One of the things that was beginning to strike me was the vastness of this country. I’d heard that said many times before, but never experienced it for myself. The Ottawa National Forest is a massive forest, with mile after mile of woodland and trees, intersected by long, straight roads with the occasional sweeping bend, and every so often a small town or hamlet.
One of the things that stuck me then, and has stuck me more and more almost every day since, is that photos, no matter how good, will never do this place justice, and will never be able to convey the sheer enormity and vastness of the landscape.
The riding that day was hot, but good. I felt free and I was enjoying myself. Like so many times on this trip, I was riding along with a big grin on my face.
After hitting Iron River, I took US Hwy-2, going west. This was a road I was going to see a lot more of in the weeks to come.
I had to stop a lot during the day. The heat was making frequent water and rest breaks necessary. I was cursing my heavy leather jacket.
The day was drawing in when I reached Ironwood, and around 350 miles was a reasonably respectable tally for the day. I started looking for somewhere to stop the night. Once I’d parked up for the night, a beer and food would be high on the agenda, and I had no intention of riding once I’d had a few beers, so somewhere to stay near a bar and restaurant was what I really needed.
I was delighted to find the Classic Motor Inn right next to Don and GG’s Food and Spirits. Doubly so because the Classic Motor Inn was a true 1950’s vintage roadside motel – the kind of place I’d seen so often in American movies. I couldn’t come all this way without experiencing one. And at a cost of only around $50, this was half the price of the everywhere I had stayed so far with big chain hotels.

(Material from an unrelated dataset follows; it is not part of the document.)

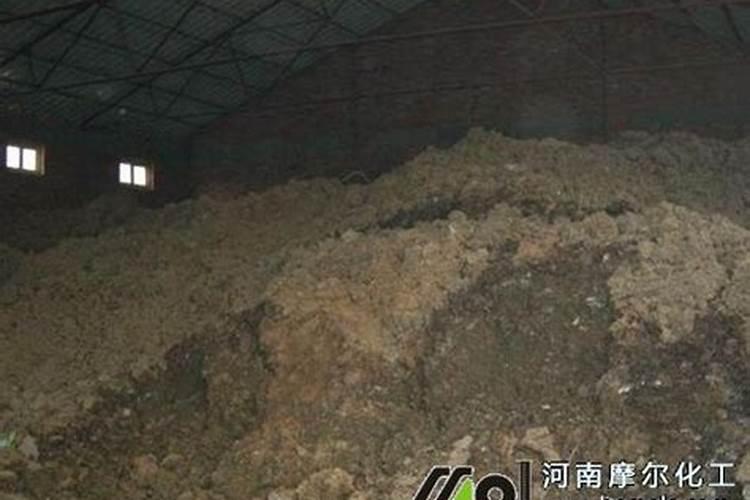 叶面肥排名榜前十名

This photo of Classic Motor Inn is courtesy of TripAdvisor
My verdict on my first classic motel? A clean, big room which showed it’s 1950’s vintage but everything was in good repair, so that was just an added bonus. The folks that run the motel are real friendly too. The only downside for me was no wifi.
Don and GGs next door also seemed like a true local place. With the weather so warm, the outside garden area was packed, so I took a seat in the almost empty inside. The Great Lakes have a native white fish called the Walleye – so named because it’s eyes reflect light which fishermen look out for at night. I love trying new foods, so this is something I wanted to try while I was here. It was on the menu, but had unfortunately sold out that evening, and I had to settle for Poor Man’s Lobster – chunks of Halibut cooked in a buttery sauce. But it hit the spot, especially with a couple of glasses of local brew.